Bangkok (ANTARA) – Anggota parlemen Thailand telah memberikan suara mendukung mengizinkan aborsi hingga 12 minggu kehamilan sambil mempertahankan hukuman untuk penghentian di kemudian hari, sebuah langkah yang menurut aktivis pro-pilihan gagal melindungi hak-hak ibu.

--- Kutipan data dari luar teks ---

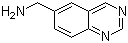 6-Quinazolinemethanamine molecular structure (CAS 933696-71-0)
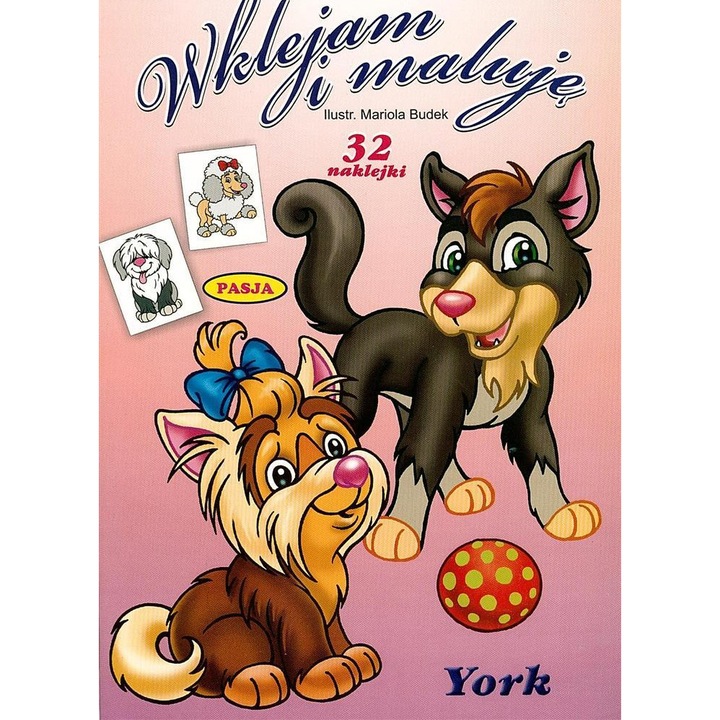 Wklejam i maluję - York, Pasja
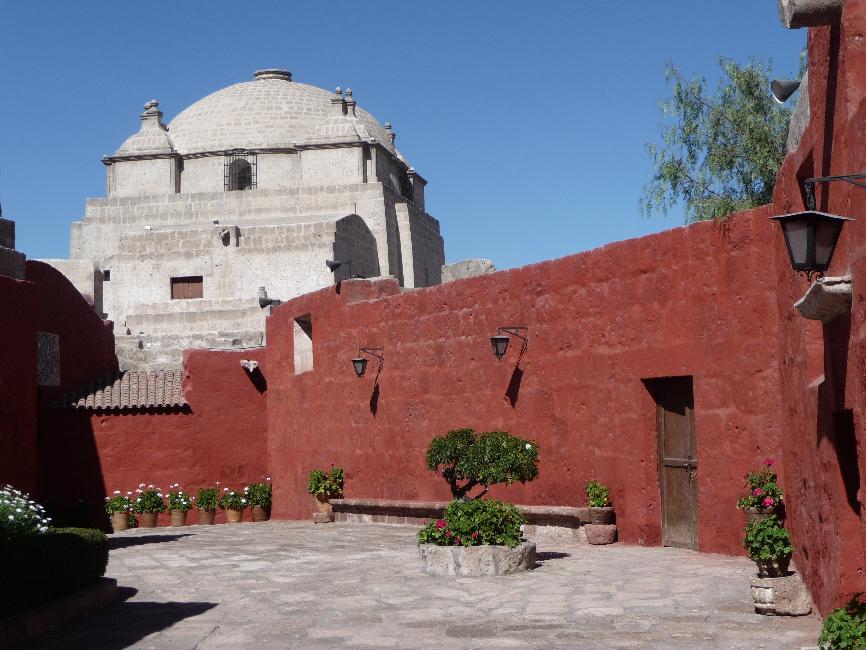 Arequipa ; couvent de Santa Catalina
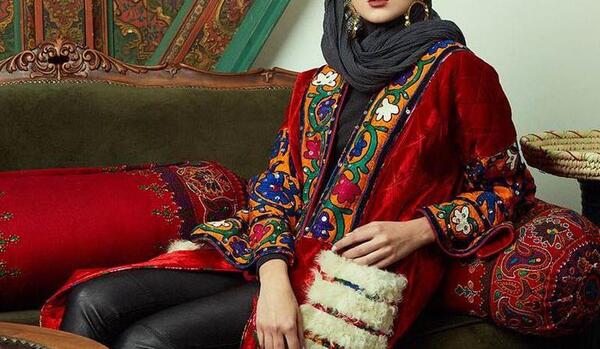 عکس مدل مانتو های مزون ظریفی
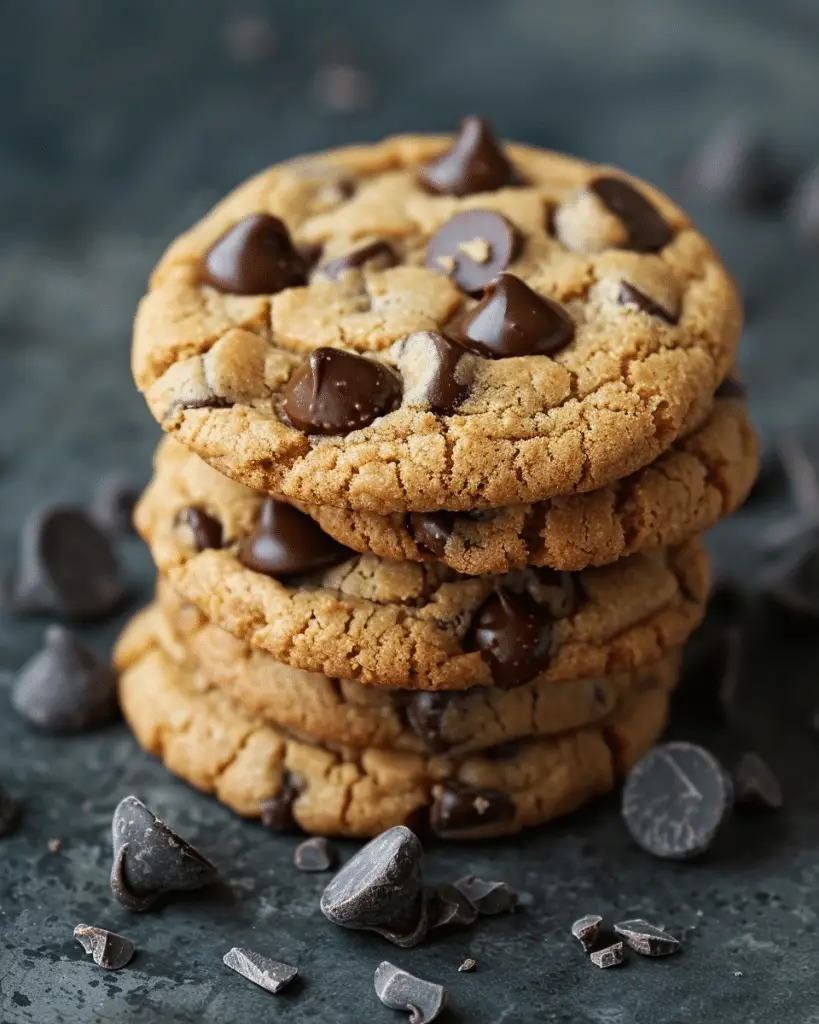 Peanut Butter Chocolate Chip Cookies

Dalam sesi larut malam Senat pada hari Senin (25 Januari), legislator memberikan suara 166-7 mendukung amandemen undang-undang yang mengkriminalisasi aborsi, mendukung rencana yang berusaha untuk mengatasi penghentian yang tidak diatur oleh praktisi non-medis
Di bawah amandemen tersebut, aborsi setelah 12 minggu hanya akan diizinkan dalam kondisi tertentu dan jika tidak akan dihukum hingga enam bulan penjara, atau denda hingga 10.000 baht (S $ 443) atau keduanya.
“Ini berarti aborsi bersyarat dan hanya dapat dilakukan oleh dokter sesuai dengan hukum,” kata Senator Wanlop Tangkhananurak kepada Reuters. Amandemen itu disahkan oleh majelis rendah pekan lalu dan mengikuti keputusan Mahkamah Konstitusi Februari lalu yang memutuskan bahwa mengkriminalisasi aborsi tidak konstitusional dan melanggar hak asasi manusia.
Di bawah kriteria baru, penghentian setelah 12 minggu akan diizinkan jika dokter bersertifikat menganggap ada risiko tinggi gangguan janin, bahaya bagi kehidupan ibu, atau jika kehamilan adalah hasil dari pemerkosaan, penipuan atau paksaan.
Tetapi aktivis pro-pilihan mengatakan mempertahankan hukuman akan mempertahankan stigma aborsi. “Kami ingin semua hukuman dicabut karena itu adalah hak seseorang untuk menggugurkan kehamilan tanpa dihukum,” kata Nisarat Jongwisan, anggota dewan dan aktivis di Tam Tang, sebuah kelompok pro-pilihan, kepada Reuters.
“Hukuman akan menghambat akses seseorang ke layanan yang aman dan juga menodai martabat para wanita itu,” katanya.